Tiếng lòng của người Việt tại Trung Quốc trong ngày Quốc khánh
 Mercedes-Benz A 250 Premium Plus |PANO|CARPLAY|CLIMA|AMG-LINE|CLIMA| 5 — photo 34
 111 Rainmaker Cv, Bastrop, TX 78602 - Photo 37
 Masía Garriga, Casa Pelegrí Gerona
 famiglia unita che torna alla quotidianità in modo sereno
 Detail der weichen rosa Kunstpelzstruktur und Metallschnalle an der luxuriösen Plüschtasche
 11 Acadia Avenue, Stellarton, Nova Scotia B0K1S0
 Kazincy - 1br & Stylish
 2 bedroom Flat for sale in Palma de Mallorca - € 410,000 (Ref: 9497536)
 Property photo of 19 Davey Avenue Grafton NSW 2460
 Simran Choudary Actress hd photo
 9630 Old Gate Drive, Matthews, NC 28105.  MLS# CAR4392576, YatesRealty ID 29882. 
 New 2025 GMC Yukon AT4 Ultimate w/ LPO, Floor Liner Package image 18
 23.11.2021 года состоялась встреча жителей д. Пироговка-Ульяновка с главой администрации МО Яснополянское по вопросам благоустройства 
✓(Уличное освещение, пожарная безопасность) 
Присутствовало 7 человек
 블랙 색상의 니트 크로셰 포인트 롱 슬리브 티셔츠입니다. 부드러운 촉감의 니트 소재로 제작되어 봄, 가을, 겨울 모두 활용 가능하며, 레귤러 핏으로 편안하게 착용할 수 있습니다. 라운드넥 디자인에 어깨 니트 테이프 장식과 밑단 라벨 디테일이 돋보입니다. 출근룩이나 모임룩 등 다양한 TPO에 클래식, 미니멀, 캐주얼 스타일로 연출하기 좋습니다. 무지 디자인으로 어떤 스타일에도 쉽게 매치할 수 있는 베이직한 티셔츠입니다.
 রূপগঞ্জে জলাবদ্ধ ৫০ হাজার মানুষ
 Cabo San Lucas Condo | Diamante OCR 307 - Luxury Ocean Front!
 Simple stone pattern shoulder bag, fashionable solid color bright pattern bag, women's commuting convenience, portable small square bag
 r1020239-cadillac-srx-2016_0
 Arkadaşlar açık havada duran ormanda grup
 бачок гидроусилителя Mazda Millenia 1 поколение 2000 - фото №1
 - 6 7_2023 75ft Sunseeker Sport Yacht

◆ Problem to work on ◆
Reproduce the data, keeping every line exactly the same.

◆ Result for this task ◆
Tiếng lòng của người Việt tại Trung Quốc trong ngày Quốc khánh
 Mercedes-Benz A 250 Premium Plus |PANO|CARPLAY|CLIMA|AMG-LINE|CLIMA| 5 — photo 34
 111 Rainmaker Cv, Bastrop, TX 78602 - Photo 37
 Masía Garriga, Casa Pelegrí Gerona
 famiglia unita che torna alla quotidianità in modo sereno
 Detail der weichen rosa Kunstpelzstruktur und Metallschnalle an der luxuriösen Plüschtasche
 11 Acadia Avenue, Stellarton, Nova Scotia B0K1S0
 Kazincy - 1br & Stylish
 2 bedroom Flat for sale in Palma de Mallorca - € 410,000 (Ref: 9497536)
 Property photo of 19 Davey Avenue Grafton NSW 2460
 Simran Choudary Actress hd photo
 9630 Old Gate Drive, Matthews, NC 28105.  MLS# CAR4392576, YatesRealty ID 29882. 
 New 2025 GMC Yukon AT4 Ultimate w/ LPO, Floor Liner Package image 18
 23.11.2021 года состоялась встреча жителей д. Пироговка-Ульяновка с главой администрации МО Яснополянское по вопросам благоустройства 
✓(Уличное освещение, пожарная безопасность) 
Присутствовало 7 человек
 블랙 색상의 니트 크로셰 포인트 롱 슬리브 티셔츠입니다. 부드러운 촉감의 니트 소재로 제작되어 봄, 가을, 겨울 모두 활용 가능하며, 레귤러 핏으로 편안하게 착용할 수 있습니다. 라운드넥 디자인에 어깨 니트 테이프 장식과 밑단 라벨 디테일이 돋보입니다. 출근룩이나 모임룩 등 다양한 TPO에 클래식, 미니멀, 캐주얼 스타일로 연출하기 좋습니다. 무지 디자인으로 어떤 스타일에도 쉽게 매치할 수 있는 베이직한 티셔츠입니다.
 রূপগঞ্জে জলাবদ্ধ ৫০ হাজার মানুষ
 Cabo San Lucas Condo | Diamante OCR 307 - Luxury Ocean Front!
 Simple stone pattern shoulder bag, fashionable solid color bright pattern bag, women's commuting convenience, portable small square bag
 r1020239-cadillac-srx-2016_0
 Arkadaşlar açık havada duran ormanda grup
 бачок гидроусилителя Mazda Millenia 1 поколение 2000 - фото №1
 - 6 7_2023 75ft Sunseeker Sport Yacht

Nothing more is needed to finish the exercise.